START Given data

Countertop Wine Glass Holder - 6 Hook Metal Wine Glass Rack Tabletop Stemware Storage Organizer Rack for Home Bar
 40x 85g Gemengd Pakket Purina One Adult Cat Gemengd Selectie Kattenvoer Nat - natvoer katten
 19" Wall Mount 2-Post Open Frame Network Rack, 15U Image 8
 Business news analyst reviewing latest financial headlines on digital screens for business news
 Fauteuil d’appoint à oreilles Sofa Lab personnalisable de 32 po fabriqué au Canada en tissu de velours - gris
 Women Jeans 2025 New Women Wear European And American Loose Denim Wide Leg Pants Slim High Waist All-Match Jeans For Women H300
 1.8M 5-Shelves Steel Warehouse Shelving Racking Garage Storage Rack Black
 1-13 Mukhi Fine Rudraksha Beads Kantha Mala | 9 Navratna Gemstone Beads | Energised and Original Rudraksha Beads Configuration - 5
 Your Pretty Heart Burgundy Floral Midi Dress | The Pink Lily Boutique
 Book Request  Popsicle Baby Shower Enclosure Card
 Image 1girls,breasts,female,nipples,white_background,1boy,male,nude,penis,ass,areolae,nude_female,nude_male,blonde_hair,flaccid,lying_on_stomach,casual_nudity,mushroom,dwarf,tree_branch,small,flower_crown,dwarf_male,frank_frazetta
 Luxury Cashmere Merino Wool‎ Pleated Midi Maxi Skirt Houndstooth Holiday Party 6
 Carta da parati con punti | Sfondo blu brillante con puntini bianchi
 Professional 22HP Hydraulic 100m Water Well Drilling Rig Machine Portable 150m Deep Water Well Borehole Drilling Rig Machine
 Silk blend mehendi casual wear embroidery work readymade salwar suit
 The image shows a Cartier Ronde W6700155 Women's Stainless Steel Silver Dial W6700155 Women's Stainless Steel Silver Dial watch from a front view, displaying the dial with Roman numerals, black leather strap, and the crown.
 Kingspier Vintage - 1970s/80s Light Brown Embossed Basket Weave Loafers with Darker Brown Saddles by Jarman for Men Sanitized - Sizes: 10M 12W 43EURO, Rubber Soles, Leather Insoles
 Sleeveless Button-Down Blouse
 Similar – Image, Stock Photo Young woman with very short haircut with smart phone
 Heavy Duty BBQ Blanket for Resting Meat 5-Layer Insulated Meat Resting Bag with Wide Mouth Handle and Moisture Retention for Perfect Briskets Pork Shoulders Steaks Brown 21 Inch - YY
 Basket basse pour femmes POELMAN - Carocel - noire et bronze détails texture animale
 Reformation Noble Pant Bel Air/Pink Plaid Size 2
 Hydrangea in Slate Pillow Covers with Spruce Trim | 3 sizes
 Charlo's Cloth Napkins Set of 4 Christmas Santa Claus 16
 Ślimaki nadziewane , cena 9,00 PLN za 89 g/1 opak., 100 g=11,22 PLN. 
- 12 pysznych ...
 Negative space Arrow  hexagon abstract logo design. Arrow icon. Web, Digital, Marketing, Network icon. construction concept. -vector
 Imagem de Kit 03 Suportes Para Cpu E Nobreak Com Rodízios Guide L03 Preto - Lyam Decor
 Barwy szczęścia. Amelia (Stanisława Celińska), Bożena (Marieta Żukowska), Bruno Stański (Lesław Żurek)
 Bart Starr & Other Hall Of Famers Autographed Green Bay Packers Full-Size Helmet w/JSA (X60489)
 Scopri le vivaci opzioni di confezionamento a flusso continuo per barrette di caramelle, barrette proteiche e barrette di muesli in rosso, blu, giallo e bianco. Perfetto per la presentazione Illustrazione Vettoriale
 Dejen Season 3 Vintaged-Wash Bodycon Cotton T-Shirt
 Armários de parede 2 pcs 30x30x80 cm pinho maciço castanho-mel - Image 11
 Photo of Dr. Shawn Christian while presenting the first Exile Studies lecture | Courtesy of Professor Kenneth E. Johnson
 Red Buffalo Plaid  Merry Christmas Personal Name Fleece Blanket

END Given data

### Exercise directions:
Reproduce each line, exactly as it appears, from the one that contains "Armários de parede" through the last line of the records. Add no other lines.

### Worked solution:
 Armários de parede 2 pcs 30x30x80 cm pinho maciço castanho-mel - Image 11
 Photo of Dr. Shawn Christian while presenting the first Exile Studies lecture | Courtesy of Professor Kenneth E. Johnson
 Red Buffalo Plaid  Merry Christmas Personal Name Fleece Blanket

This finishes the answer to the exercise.